I took my father’s advice and opened the vibrant cover ignoring everything but the first few words. It read “Many years later, as he faced the firing squad, Colonel Aureliano Buendía was to remember that distant afternoon when his father took him to discover ice.”
After involuntarily blurting out “Wow” I had just realized after reading the passage that I had envisioned the entire line of Colonel Aureliano Buendía tied to a pole, reminiscing about the magical discovery of something so ordinary to us mortals. From then on I was hooked, unable to put the book down, and as the pages flipped over I became more and more obsessed. I was falling deeply for the novels unmistakable fictional South American inspired town of Macondo, the presence of magic and alchemy being treated as normal and familiar, while the real is presented to it’s most fantastical and surreal versions of themselves. I had never in my life had such vivid, exciting visions in any form of media.

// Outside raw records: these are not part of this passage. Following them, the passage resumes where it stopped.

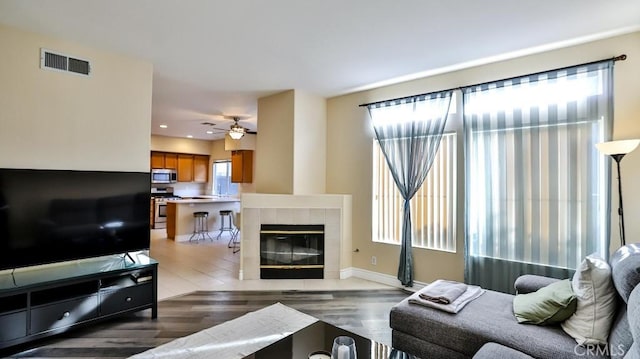 living room with ceiling fan, dark hardwood / wood-style floors, and a tiled fireplace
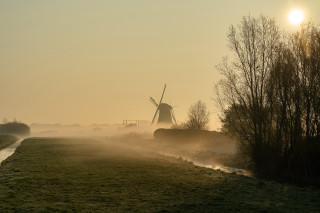 Windmill foggy field stream impressionist - a windmill in the distance free wallpaper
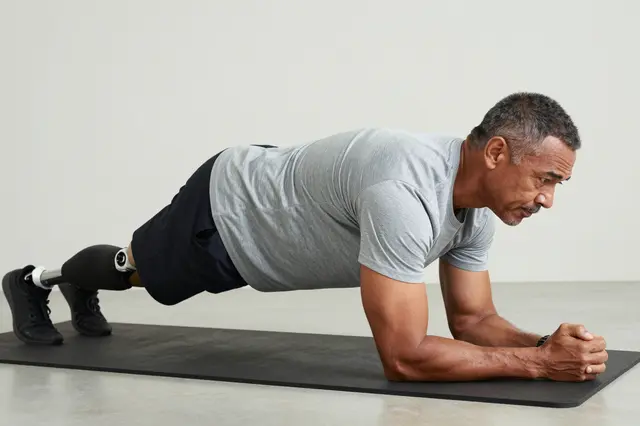 Middle aged man with a prosthetic leg holds a forearm plank on a black exercise mat in a plain indoor space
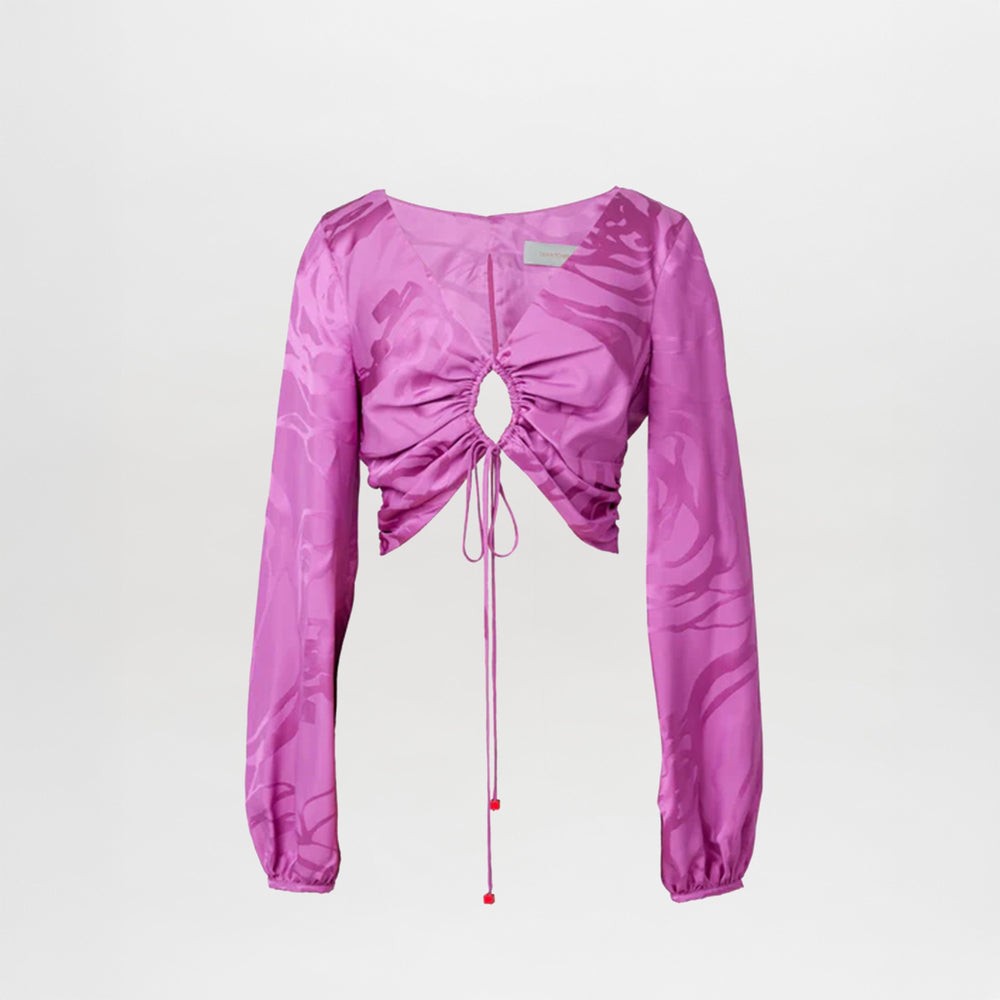 A magenta orchid jacquard, cropped, long-sleeved Odette blouse with a tie-front design and an abstract print, isolated on a white background.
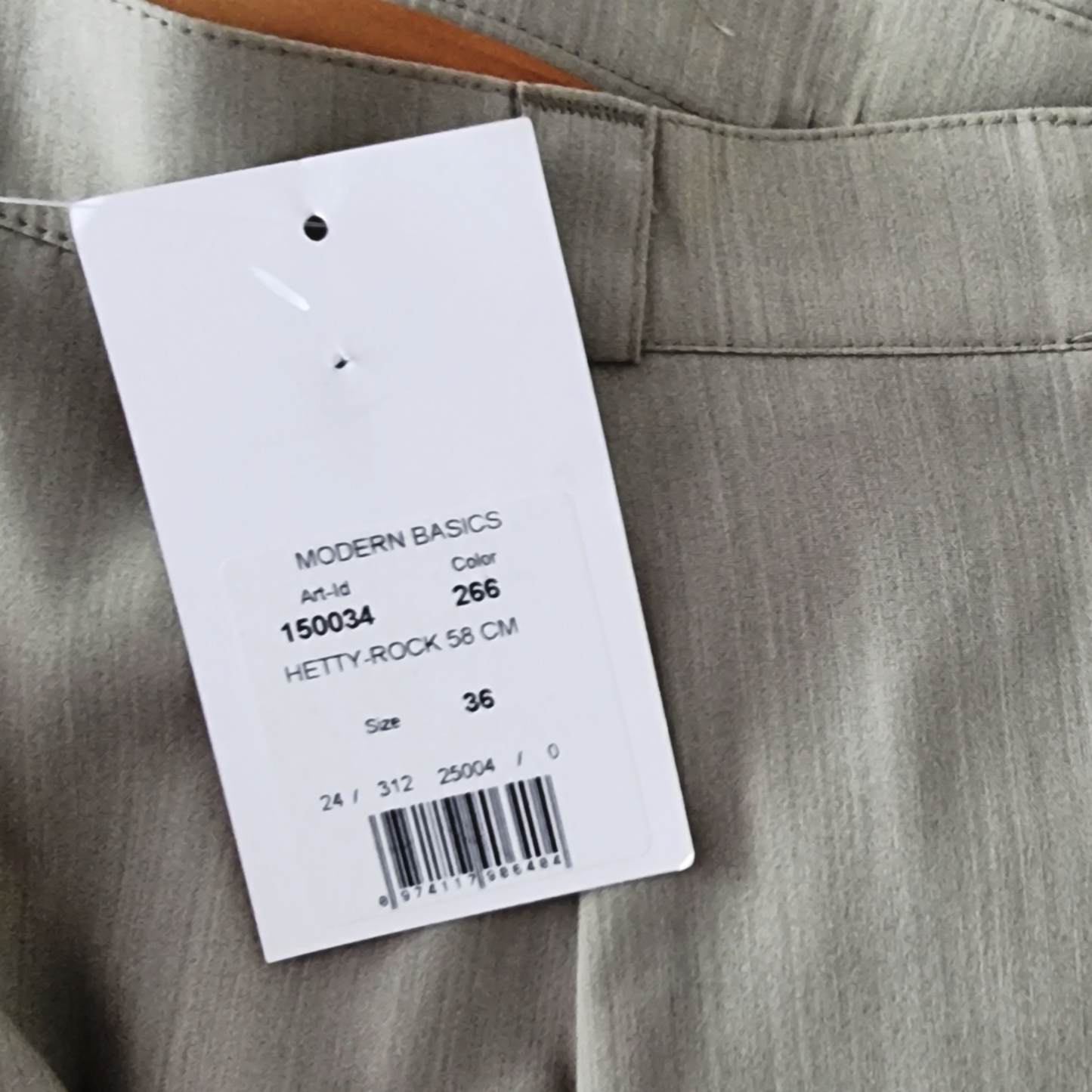 Sage skirt with a label displaying product details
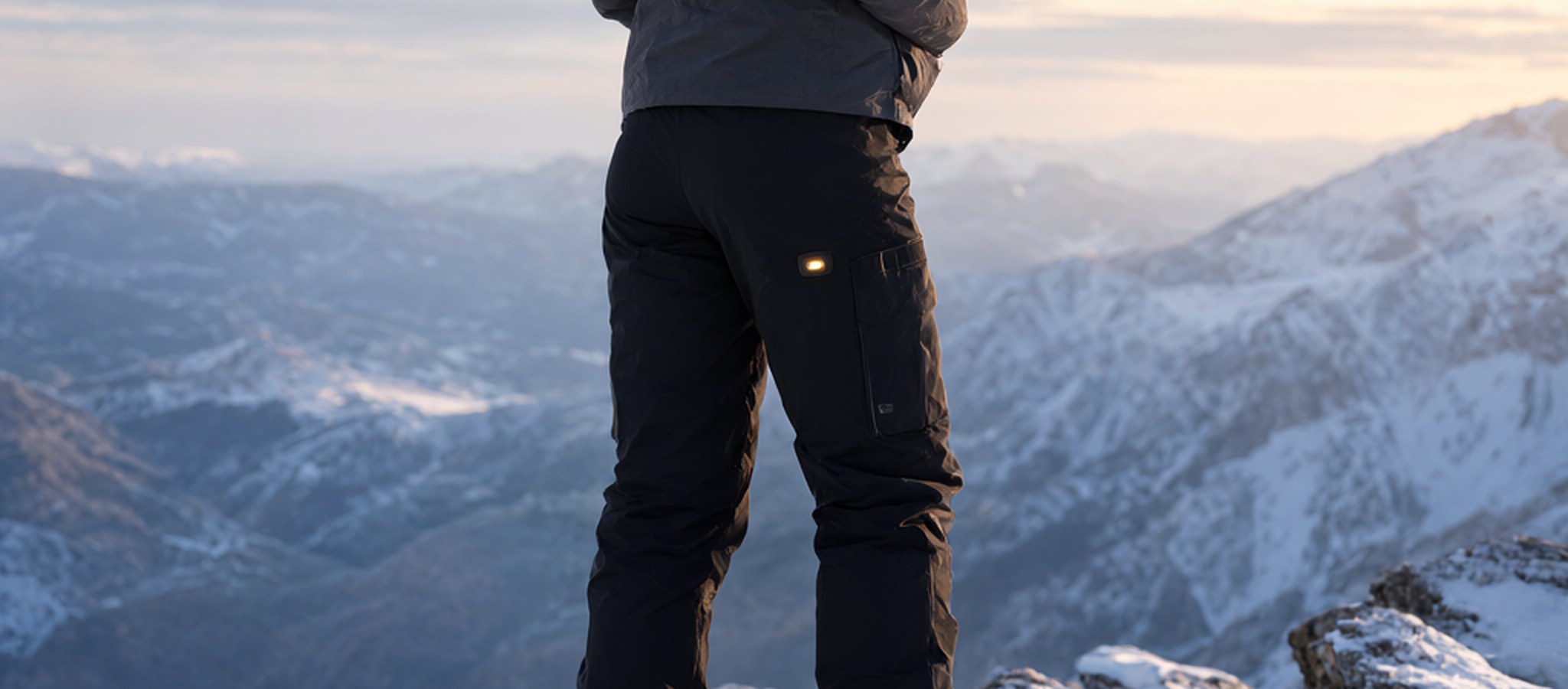 Woman in black heated softshell pants on a snowy mountain overlook at sunrise, face out of frame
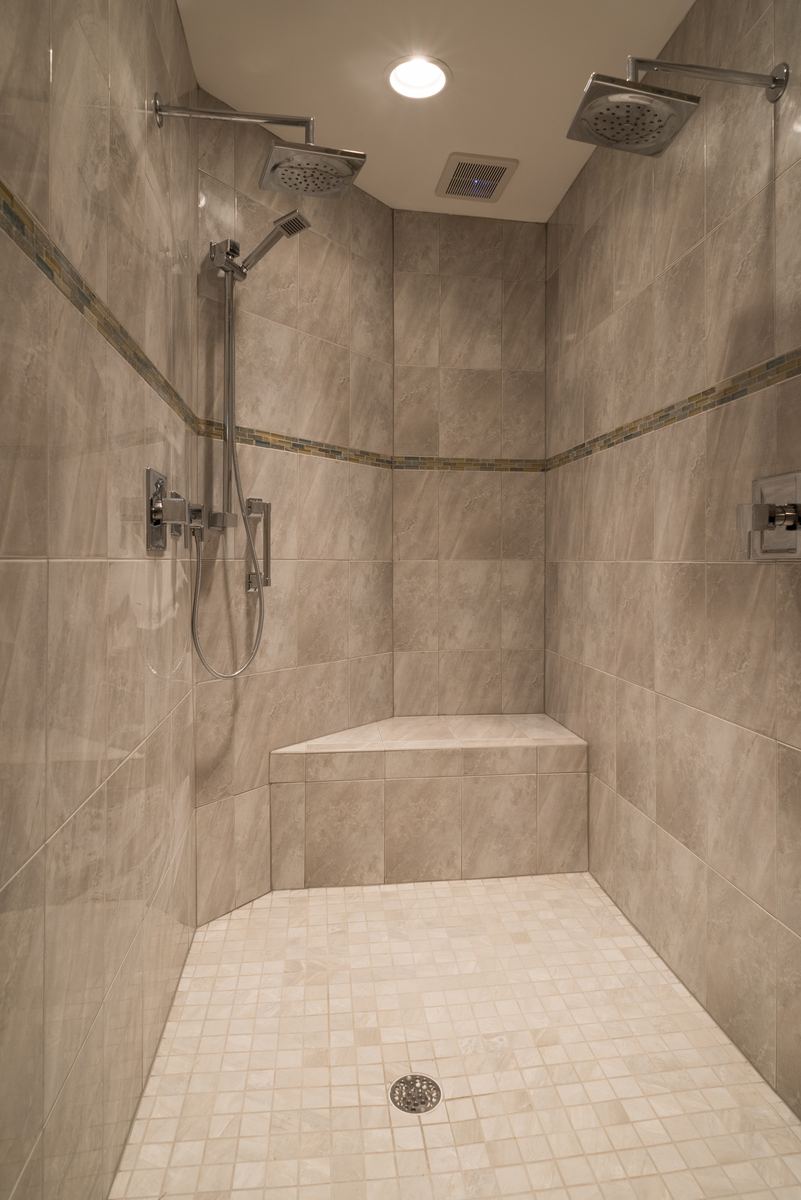 Full tiled walk-in shower with bench seat and dual shower heads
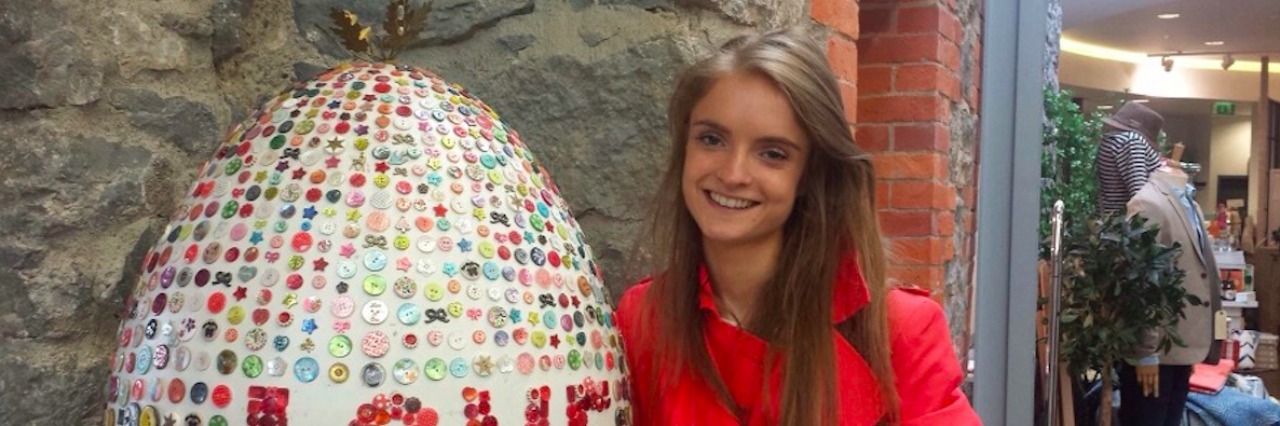 What to Expect When You Are Hospitalized for Anorexia A woman standing next to a sign that says love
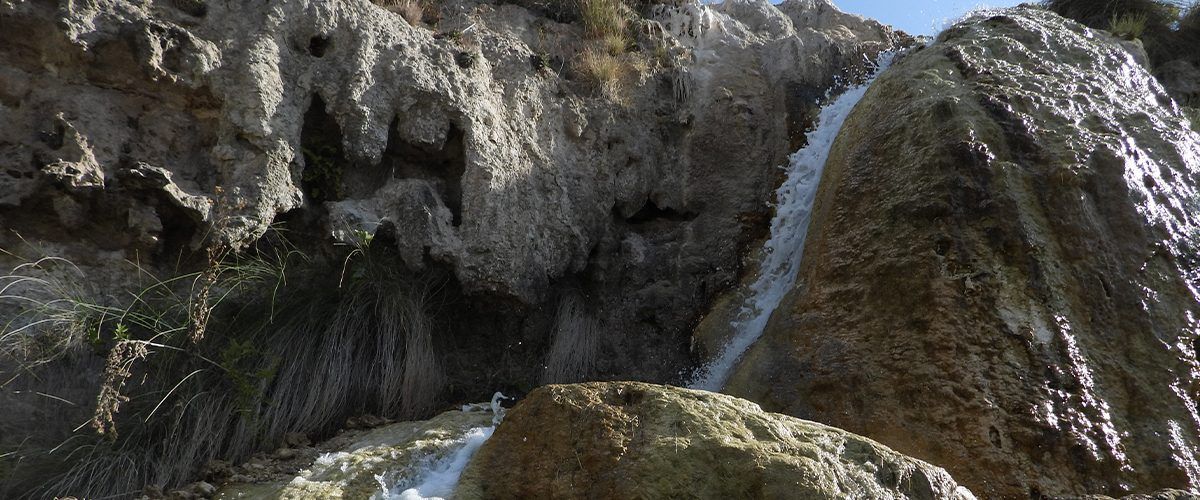 Una cascada está rodeada de rocas en medio de un bosque.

I spoke to my parents after reading the book, telling them it was exactly what I had been looking for all my life. That was when my mother explained she had many books from Nobel Prize-winning authors like Márquez but these authors were from my home country Peru. She was proud to give such a magnificent piece of her creative culture to me. She started handing me the dozens of books, some from her own small home town village of Sartimbamba. Finally after handing me the last book she claimed with confidence “I think you will grow as a storyteller from these novels” and so far she’s right. I’ve never had such a consistent vision while reading anything in my life. I can imagine the vibrant colonial towns, exciting characters and their tangled plots, the fantastic drama and events all manifested by writers of my heritage. I feel so proud and ashamed to have ignored and even dismiss the creative brilliance of my ancestors. I regret not having read more and ignoring these marvelous works of art that had been closer to me than I could ever imagine.
I had read novels I wanted to adapt to screenplays but could never settle on one consistently. I think I’ve found not just the novel in One Hundred Years of Solitude, but I know I’ve found a genre and culture I’m eager to adapt. Despite the regret, I’m happy that my South American roots have such a rich history in storytelling and that I have the privilege to experience it.
If you would like the names of these books and authors I’m happy to share them with you. They’re brilliant and deserve every bit of recognition.